As a member of Sinn Féin, she upheld the party’s commitment to not taking a seat as it would mean swearing an oath of allegiance to the Queen.
The first woman to take her seat was Nancy Astor in a by-election in December 1919.
Born in February 1868, Constance Markievicz (her maiden name was Gore-Booth) was a suffragette, a socialist and a leading figure in the Irish Republican movement.
She played a major part in the 1916 Rising and was sentenced to death, but her life was spared because she was a woman, and because of her privileged and powerful background.

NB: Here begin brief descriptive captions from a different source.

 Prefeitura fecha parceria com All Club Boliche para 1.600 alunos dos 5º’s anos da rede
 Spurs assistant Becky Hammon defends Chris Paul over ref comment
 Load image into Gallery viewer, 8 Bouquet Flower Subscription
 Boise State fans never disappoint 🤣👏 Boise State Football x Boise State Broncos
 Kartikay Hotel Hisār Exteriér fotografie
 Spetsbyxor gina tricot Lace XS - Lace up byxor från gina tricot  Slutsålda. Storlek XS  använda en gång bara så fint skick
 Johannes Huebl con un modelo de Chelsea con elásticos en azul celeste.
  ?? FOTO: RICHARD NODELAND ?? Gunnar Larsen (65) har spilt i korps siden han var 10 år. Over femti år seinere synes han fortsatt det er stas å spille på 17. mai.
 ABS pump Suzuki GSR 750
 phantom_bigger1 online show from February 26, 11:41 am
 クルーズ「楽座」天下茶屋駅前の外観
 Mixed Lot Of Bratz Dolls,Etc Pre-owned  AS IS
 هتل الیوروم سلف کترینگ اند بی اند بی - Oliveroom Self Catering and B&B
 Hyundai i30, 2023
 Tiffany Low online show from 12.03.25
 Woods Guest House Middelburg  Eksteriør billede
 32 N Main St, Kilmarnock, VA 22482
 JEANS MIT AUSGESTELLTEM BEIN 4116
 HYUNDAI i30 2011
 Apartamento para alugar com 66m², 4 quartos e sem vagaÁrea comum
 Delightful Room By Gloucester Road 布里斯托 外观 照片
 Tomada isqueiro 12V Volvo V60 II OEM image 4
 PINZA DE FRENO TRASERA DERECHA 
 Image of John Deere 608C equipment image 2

She was a founding member of Cumann na mBan and the Irish Citizen Army, became the first female minister in the Irish Free State, and the second woman in the world to hold a Cabinet position as Minister for Labour from 1919 – 1922.
Theresa May said in the House of Commons: “I want to see young woman and women actually able to see this House as a place where they actively want to come to, where they want to contribute to their society, that they want to respond to the needs of local constituents and make a real difference to people’s lives. That’s what I’m in it for.”
A parliamentary committee, called the Vote100 series, has been set up to celebrate women’s place in parliament.
Its centerpiece will be a major exhibition during summer 2018 in Westminster Hall, whereby, according to May at least, Countess Markievicz will be commemorated as being the first woman to be elected to the House of Commons.
Now, that’ll be an event worth watching!